Chris Knight replies to his critics

Tagged as: 26march culture cuts j30 repression royal wedding
Neighbourhoods: london

Chris Knight's approach to revolutionary politics is very controversial. However, it is also thought-provoking, whether you agree with him or not. Here, he replies to his critics in the anarchist scene.

Mister-mayhem-415x248-medium
Mister Mayhem

IN DEFENCE OF ACTIVISM

by Chris Knight

A number of anarchist journals and websites have criticised my own and my comrades’ activism in recent months and weeks. Criticism from the right is easy to dismiss. When it comes from comrades I know and respect, I need to take it seriously and come up with a considered response.

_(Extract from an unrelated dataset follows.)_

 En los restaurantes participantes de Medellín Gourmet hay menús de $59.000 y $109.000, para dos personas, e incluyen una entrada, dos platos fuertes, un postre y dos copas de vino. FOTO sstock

The tabloids have depicted me as a ‘top anarchist’ or ‘anarchist ringleader’. The truth is that I count myself a marxist. But like any consistent marxist, my goal is a stateless society. My political beliefs are based on my understanding of human origins and prehistory. For 95 per cent of our existence, our species lived as egalitarian hunter-gatherers, without any kind of state, showing in practice that anarchism works. My interest has been to elucidate precisely how such a lifestyle came into existence and how it worked. Hunter-gatherers are not free in the sense of ‘lawless’. They certainly uphold norms and principles of conduct, particularly with respect to sex. But these norms are enforced bottom-up, not top-down. It seems to me that we have much to learn from hunter-gatherers who still practice anarchism/communism today.1

Do I think the state can be used as a revolutionary instrument today? No, I do not. The state is intrinsically tied up with territorialism, with borders, with passports, with war. In my view it has to be smashed and replaced with self-organized forms of resistance cutting across all borders. Earlier marxists used to think in terms of stages, leaving abolition of the state to some future date following a successful revolution. In today’s world, this makes no sense. The revolution is intrinsically internationalist from the start, so talk about retaining the territorial state in any form is just reactionary. That’s my view. Whether it makes me an anarchist, I leave for others to decide.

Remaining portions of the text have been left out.